- **Brief**:
The material below includes pictures; leave them out and return only the lines between the line containing "Next, move AH" and the line containing "Let's start by", inclusive, word for word.

- **Entries shown**:
★ ★ ★ ★ ★ ★ ★

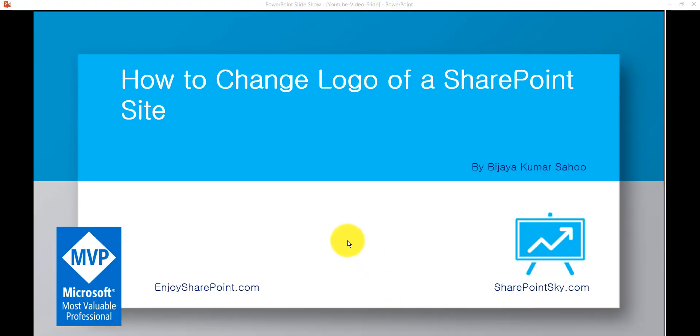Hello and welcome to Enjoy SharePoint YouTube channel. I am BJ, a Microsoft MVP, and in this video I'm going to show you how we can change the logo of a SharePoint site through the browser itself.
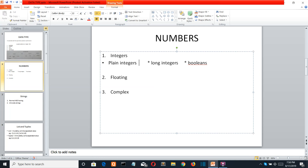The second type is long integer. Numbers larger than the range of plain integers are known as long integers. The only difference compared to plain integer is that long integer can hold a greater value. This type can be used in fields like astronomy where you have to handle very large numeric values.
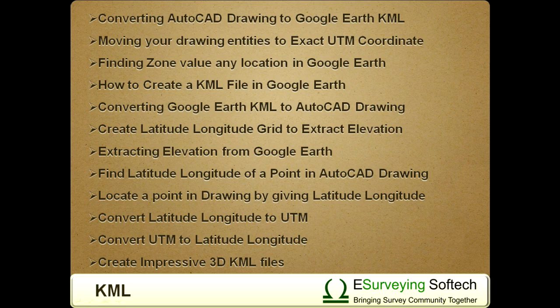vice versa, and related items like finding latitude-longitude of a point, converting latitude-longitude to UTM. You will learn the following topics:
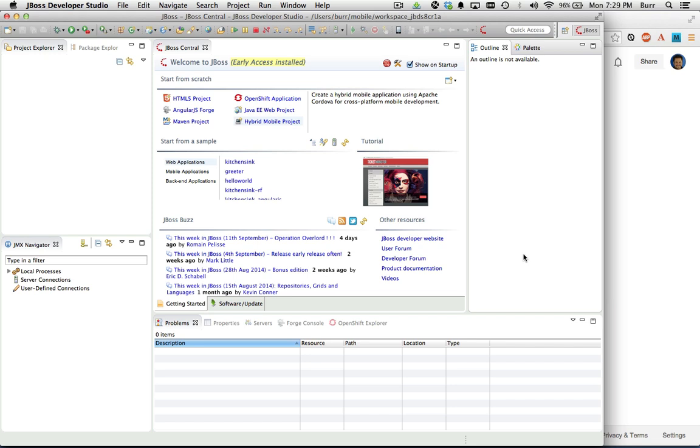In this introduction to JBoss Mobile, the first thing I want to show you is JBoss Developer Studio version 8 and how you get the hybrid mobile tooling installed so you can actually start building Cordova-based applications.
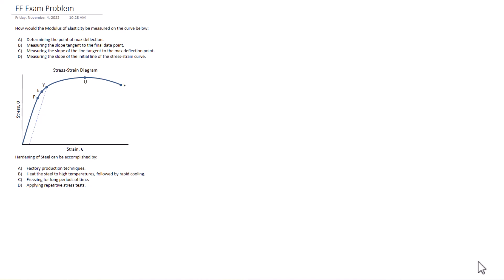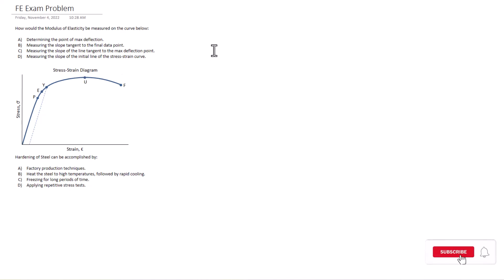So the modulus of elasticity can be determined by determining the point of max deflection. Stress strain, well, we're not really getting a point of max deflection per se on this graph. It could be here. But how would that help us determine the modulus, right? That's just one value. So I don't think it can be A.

★ ★ ★ ★ ★ ★ ★

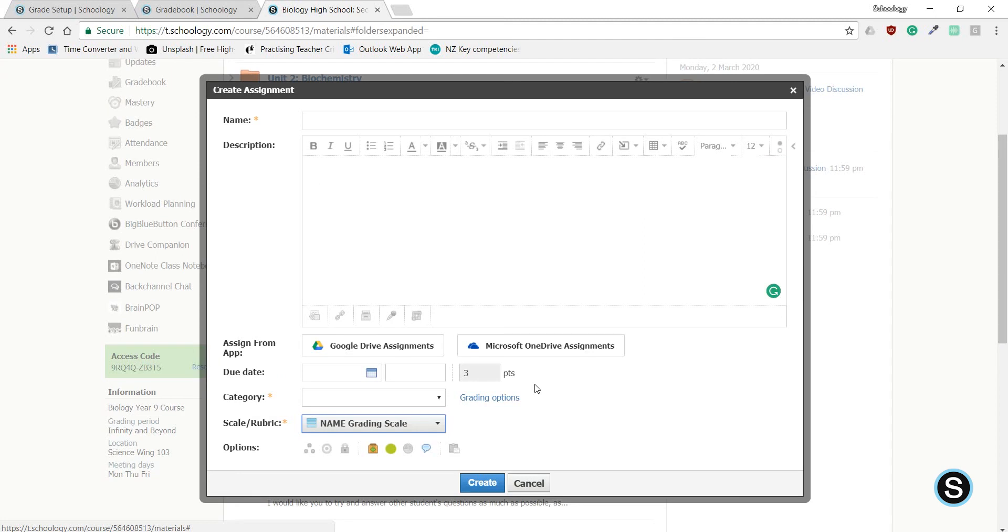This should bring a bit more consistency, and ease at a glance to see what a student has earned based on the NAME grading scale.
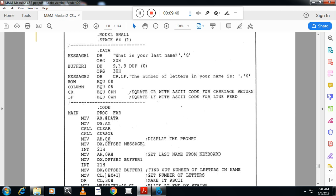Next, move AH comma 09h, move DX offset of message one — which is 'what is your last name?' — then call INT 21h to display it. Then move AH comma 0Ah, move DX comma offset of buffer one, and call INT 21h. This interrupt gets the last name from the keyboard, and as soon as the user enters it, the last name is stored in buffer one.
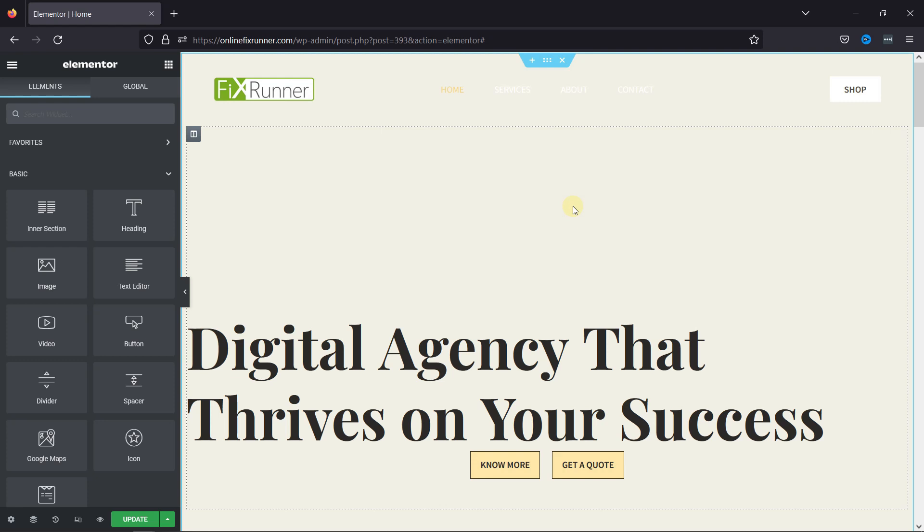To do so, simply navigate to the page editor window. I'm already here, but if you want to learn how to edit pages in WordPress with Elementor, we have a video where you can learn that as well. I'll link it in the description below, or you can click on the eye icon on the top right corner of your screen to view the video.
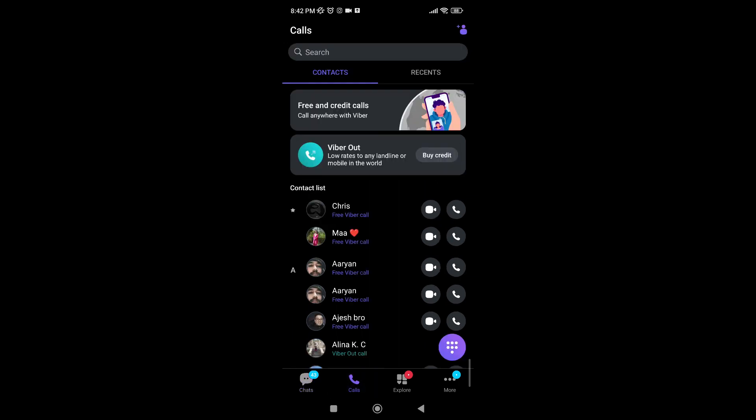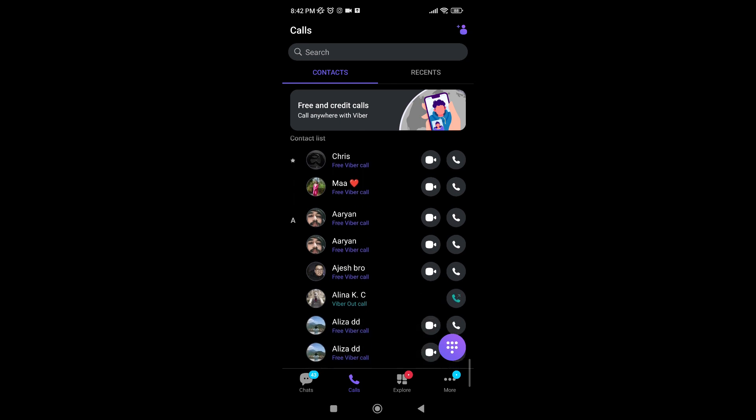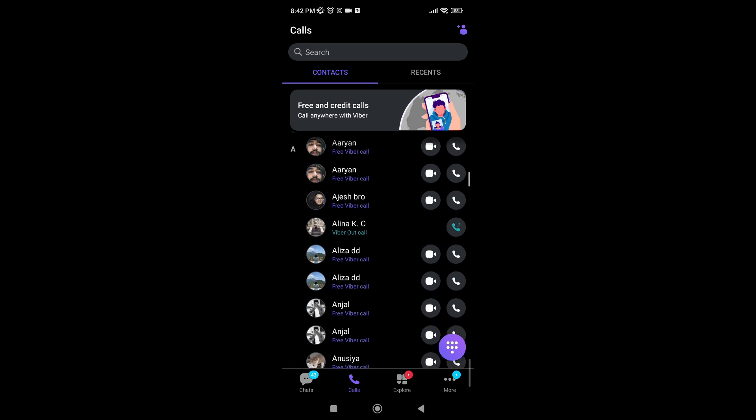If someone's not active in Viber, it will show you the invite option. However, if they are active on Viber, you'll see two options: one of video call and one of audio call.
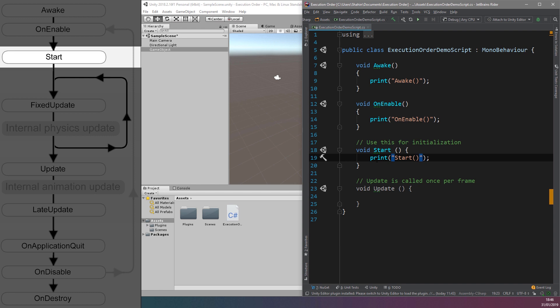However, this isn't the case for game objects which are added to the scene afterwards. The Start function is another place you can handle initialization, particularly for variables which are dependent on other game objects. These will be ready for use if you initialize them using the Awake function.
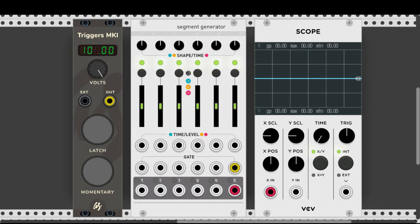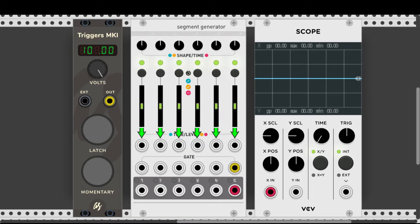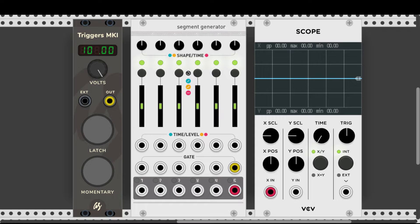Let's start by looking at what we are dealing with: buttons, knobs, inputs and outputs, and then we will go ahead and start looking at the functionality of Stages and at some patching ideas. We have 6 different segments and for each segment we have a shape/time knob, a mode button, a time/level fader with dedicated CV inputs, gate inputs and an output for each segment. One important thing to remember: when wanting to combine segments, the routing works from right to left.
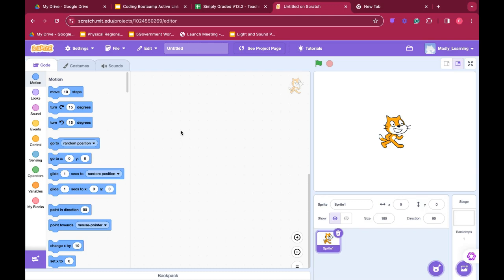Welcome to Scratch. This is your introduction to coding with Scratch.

★ ★ ★ ★ ★ ★ ★

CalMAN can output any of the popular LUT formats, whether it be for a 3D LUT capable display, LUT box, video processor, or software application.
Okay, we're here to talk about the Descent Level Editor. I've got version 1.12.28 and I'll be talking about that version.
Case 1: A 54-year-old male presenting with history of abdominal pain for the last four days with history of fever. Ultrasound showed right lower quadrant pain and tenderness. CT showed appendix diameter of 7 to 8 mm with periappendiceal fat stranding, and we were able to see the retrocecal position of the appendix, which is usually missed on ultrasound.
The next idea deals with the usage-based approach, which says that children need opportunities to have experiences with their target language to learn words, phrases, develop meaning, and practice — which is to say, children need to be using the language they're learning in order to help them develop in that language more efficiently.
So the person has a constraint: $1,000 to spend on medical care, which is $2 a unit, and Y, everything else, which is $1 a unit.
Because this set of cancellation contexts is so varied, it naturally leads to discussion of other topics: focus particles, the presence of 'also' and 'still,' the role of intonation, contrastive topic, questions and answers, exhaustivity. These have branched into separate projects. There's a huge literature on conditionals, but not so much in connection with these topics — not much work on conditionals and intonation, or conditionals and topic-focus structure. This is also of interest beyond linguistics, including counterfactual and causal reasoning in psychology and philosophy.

★ ★ ★ ★ ★ ★ ★

- **Response**:
Next, move AH comma 09h, move DX offset of message one — which is 'what is your last name?' — then call INT 21h to display it. Then move AH comma 0Ah, move DX comma offset of buffer one, and call INT 21h. This interrupt gets the last name from the keyboard, and as soon as the user enters it, the last name is stored in buffer one.
To do so, simply navigate to the page editor window. I'm already here, but if you want to learn how to edit pages in WordPress with Elementor, we have a video where you can learn that as well. I'll link it in the description below, or you can click on the eye icon on the top right corner of your screen to view the video.
If someone's not active in Viber, it will show you the invite option. However, if they are active on Viber, you'll see two options: one of video call and one of audio call.
However, this isn't the case for game objects which are added to the scene afterwards. The Start function is another place you can handle initialization, particularly for variables which are dependent on other game objects. These will be ready for use if you initialize them using the Awake function.
Let's start by looking at what we are dealing with: buttons, knobs, inputs and outputs, and then we will go ahead and start looking at the functionality of Stages and at some patching ideas. We have 6 different segments and for each segment we have a shape/time knob, a mode button, a time/level fader with dedicated CV inputs, gate inputs and an output for each segment. One important thing to remember: when wanting to combine segments, the routing works from right to left.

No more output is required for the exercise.